Data Lake

The term “data lake” was coined by James Dixon, then Chief Technology Officer of Pentaho, in a blog post dated October 14, 2010, written alongside a Pentaho Hadoop release announcement. Dixon offered an analogy that has stuck: “If you think of a datamart as a store of bottled water - cleansed and packaged and structured for easy consumption - the data lake is a large body of water in a more natural state.”

The point of the analogy is that a data mart, or a traditional data warehouse, packages data into a fixed structure decided in advance, suited to predetermined questions. A data lake instead keeps data in its raw, natural form so that many different users can later explore it, sample it, or structure it for questions that were not anticipated when the data was collected.

This is the difference between schema on write and schema on read. A warehouse imposes a schema when data is loaded; a data lake defers that step, letting structure be applied at query time according to each user’s needs.

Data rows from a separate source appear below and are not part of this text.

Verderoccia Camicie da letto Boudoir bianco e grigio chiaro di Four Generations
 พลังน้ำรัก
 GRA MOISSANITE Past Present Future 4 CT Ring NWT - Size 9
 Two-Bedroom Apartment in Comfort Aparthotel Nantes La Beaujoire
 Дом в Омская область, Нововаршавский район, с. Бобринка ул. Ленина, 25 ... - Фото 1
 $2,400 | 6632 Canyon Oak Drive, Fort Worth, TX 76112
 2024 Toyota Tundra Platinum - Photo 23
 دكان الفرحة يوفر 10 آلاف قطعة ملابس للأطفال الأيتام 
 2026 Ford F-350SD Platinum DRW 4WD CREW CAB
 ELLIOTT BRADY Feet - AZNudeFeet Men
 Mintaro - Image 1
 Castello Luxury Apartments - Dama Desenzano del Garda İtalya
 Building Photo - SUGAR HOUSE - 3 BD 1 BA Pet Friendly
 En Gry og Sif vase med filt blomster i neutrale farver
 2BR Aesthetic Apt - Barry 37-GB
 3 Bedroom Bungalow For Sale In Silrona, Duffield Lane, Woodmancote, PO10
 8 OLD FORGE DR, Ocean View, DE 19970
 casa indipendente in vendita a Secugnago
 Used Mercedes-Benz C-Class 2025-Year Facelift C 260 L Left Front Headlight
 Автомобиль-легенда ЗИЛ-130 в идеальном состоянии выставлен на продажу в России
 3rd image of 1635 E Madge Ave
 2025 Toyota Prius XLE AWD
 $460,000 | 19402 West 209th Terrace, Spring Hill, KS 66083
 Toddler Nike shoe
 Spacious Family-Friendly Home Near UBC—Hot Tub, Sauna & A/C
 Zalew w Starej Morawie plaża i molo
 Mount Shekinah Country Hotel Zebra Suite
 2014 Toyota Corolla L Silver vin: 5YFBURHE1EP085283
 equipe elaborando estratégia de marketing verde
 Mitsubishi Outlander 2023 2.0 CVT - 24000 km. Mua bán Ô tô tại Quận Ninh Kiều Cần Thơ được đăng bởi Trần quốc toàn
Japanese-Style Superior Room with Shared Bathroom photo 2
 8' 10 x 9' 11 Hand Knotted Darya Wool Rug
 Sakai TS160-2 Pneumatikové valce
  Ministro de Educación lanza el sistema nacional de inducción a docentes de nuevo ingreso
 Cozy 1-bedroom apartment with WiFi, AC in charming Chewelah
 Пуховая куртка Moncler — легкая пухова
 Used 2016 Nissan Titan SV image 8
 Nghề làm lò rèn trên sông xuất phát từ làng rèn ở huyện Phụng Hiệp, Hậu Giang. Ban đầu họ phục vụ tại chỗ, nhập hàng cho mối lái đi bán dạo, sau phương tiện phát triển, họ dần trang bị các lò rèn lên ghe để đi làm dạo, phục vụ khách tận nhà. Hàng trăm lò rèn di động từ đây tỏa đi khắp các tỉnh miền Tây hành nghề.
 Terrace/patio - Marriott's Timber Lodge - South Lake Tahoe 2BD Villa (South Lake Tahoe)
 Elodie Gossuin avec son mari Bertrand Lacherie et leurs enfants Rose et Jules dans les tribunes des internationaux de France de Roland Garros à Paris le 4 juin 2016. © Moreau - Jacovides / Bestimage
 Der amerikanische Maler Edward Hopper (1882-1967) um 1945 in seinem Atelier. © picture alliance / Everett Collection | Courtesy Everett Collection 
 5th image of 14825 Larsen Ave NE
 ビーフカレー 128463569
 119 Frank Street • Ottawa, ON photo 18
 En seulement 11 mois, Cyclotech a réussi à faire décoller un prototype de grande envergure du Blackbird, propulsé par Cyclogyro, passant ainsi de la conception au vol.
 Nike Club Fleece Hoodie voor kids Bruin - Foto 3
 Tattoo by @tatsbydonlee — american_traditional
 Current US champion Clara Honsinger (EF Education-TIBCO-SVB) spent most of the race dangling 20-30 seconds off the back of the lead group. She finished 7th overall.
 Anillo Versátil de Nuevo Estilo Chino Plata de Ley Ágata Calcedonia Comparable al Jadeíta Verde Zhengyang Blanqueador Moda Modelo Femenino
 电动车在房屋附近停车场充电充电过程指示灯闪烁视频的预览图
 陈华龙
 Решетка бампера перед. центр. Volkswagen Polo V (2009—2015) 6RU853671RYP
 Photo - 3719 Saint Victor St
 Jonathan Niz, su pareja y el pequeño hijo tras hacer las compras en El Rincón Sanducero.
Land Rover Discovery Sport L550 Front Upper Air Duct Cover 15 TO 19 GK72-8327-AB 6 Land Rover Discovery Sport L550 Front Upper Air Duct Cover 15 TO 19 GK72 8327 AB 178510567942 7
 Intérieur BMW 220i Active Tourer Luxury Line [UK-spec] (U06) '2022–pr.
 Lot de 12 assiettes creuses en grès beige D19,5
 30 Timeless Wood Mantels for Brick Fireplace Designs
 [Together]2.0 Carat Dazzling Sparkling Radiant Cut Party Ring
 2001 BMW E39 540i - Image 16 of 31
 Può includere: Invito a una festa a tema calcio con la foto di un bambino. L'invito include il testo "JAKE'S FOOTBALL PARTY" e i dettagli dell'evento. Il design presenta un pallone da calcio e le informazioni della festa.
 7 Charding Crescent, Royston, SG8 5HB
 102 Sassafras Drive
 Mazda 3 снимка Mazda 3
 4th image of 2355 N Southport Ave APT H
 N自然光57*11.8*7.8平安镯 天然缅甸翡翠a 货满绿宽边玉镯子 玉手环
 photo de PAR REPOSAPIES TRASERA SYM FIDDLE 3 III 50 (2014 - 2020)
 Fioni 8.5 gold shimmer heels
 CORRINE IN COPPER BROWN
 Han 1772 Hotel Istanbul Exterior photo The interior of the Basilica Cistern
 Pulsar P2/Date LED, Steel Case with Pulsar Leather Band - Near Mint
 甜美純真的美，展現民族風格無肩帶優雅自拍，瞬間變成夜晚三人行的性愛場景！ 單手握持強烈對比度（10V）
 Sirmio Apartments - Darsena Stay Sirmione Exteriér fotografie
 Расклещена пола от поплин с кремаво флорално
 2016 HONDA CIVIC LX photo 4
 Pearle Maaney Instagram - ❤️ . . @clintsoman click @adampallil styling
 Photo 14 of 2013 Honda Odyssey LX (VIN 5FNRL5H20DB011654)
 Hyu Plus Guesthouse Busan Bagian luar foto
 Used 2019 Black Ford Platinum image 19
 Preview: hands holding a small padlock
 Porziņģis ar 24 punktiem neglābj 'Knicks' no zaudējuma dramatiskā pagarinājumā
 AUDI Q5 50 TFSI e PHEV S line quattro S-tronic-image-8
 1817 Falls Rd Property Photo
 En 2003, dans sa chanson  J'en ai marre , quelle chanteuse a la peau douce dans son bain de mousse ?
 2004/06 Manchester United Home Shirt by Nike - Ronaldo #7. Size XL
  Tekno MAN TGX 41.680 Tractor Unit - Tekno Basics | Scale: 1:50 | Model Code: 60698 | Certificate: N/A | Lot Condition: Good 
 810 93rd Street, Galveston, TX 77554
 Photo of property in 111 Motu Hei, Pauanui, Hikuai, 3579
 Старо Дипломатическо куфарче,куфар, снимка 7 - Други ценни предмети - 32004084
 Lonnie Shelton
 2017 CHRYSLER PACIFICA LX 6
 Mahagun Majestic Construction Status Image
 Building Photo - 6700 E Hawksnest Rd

In practice this meant raw data could be dumped cheaply onto distributed file systems such as HDFS and later cloud object stores, then processed by engines like Hadoop and Apache Spark.

The trade-off is that flexibility on intake shifts the work of cleaning and structuring to the moment of use, which is why data lakes are typically paired with strong cataloging and processing pipelines to avoid becoming unusable “data swamps.”